How do the knowledge and skills gained during your time at Marxe School enable you to face challenges in your current role as the Executive Director of Human Services Programs of Carroll County?
After five years in government service, I decided to return to the nonprofit sector, armed with a knowledge of government that prepared me to be a stronger leader. I was honored to step in as the 4th ED in the agencies 29 years. HSP has an amazing foundation, and I am able to work with a team fired up about making the next 30 years even better. HSP has 17 different programs that have operated in silos. In my first year as the Executive Director of HSP, I have worked with my team to tackle developing a $4.2 million agency-wide operating budget, using data to shed light on program effectiveness, and creating processes to bring all of the programs together to better wrap around individuals and families. My ability to lead my team through many of these challenges have come from my years in the field; however, the skills to actually accomplish many of those goals were developed through my classroom experiences at Baruch. The professors I had were practitioners who brought real life experiences to the classroom that made the topics very applicable. In addition to my position as ED of HSP, I am also a professor at the University of Baltimore in the College of Public Affairs. It is my hope that I have the same ability to impact my students the way that my professors at Baruch have impacted me.

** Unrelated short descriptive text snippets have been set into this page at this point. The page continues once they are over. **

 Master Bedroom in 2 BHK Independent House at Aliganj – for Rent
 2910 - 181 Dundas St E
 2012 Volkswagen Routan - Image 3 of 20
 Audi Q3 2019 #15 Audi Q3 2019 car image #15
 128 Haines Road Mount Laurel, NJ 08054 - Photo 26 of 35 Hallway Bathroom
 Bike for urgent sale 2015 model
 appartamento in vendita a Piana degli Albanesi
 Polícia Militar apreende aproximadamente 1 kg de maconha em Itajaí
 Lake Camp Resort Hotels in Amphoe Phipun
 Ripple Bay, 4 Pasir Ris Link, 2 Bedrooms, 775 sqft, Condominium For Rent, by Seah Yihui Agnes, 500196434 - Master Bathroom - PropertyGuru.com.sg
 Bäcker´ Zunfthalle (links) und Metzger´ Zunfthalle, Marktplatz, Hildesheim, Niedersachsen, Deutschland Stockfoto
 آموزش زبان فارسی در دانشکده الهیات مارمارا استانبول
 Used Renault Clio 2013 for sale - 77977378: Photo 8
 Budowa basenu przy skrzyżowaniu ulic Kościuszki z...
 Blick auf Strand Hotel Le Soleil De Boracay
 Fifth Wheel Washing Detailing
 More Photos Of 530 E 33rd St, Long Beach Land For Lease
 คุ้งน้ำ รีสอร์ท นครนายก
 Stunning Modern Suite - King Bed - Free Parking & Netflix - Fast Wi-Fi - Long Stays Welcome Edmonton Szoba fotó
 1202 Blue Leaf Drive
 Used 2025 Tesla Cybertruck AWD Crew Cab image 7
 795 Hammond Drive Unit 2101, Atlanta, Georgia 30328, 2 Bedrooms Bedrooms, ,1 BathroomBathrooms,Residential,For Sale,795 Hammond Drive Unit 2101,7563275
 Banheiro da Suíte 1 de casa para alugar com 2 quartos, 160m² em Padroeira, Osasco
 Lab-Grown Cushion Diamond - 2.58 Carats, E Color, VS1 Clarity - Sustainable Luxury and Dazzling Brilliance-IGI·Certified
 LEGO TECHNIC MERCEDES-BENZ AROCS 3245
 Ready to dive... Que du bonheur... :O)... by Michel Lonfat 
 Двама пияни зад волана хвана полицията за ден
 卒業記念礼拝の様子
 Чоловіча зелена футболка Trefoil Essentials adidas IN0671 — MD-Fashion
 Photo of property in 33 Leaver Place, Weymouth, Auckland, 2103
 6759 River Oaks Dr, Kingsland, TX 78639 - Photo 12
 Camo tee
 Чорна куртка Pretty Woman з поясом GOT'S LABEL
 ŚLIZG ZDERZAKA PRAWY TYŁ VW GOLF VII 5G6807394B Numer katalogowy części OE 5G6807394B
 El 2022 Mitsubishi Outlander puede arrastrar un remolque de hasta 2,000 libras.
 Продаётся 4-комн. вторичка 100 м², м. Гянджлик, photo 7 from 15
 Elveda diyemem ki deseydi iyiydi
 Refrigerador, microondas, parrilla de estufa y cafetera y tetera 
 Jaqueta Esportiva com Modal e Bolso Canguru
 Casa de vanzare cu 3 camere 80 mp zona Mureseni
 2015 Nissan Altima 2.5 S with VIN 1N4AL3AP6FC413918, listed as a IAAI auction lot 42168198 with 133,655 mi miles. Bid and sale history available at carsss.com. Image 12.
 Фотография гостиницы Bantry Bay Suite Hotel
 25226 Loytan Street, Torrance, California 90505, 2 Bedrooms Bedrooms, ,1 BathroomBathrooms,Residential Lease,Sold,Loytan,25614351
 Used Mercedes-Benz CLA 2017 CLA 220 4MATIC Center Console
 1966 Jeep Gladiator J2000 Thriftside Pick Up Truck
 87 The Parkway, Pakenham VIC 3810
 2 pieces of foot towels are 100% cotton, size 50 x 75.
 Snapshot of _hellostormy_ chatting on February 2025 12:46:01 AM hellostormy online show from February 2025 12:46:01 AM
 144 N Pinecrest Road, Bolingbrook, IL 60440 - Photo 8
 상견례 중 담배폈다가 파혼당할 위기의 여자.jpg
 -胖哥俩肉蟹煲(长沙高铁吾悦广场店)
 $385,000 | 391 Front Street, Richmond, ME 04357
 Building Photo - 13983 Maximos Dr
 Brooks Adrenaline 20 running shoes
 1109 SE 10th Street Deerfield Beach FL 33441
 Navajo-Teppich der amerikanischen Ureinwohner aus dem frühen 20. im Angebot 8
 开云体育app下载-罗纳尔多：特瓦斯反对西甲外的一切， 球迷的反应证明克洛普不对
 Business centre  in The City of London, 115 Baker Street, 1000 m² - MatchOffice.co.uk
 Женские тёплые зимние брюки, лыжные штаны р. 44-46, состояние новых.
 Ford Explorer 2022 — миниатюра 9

Congratulations on your second book“Chip: Use Everything You Have To Do Everything You Do”! Please tell us more about your books and workshops that you developed.
My first book, “Leadership Development for Human Services Professionals” is a compilation of trainings that I had developed over the past 10-15 years around Leadership Development. It is a workbook that has many of the activities that I have used—and continue to use—in workshops and trainings. (ie. the Department of Human Resources, Johns Hopkins, Prologue Inc. etc…) Chip, however, was more of a labor of love. When I was eight years old, I had an assignment to write a poem. What I wrote became my life’s mantra.
Use Everything You Have
To Do Everything You Do
Because Everything You Do
Is A Chip Off Of You
I began sharing that poem when facilitating trainings and workshops, sharing the story behind the poem, and the evolution of it’s meaning. I was encouraged by my better half to sit and finally put pen to paper. After about three years and many edits and versions, Chip was born. I have since developed a workshop specifically around Chip and the idea of figuring out who you are personally and professionally. Currently I am also working on my third book “Goal Cartography: Working Backwards Toward Success”. This book picks up where Chip ends. Goal Cartography is a process that helps an individual to construct a pathway to reach their ultimate goal.
I am honored to be interviewed by the Marxe School of Public and International Affairs. I hope that my story encourages others to open themselves up to all that this program has to offer. I truly believe that I am a better leader because of my education at Baruch.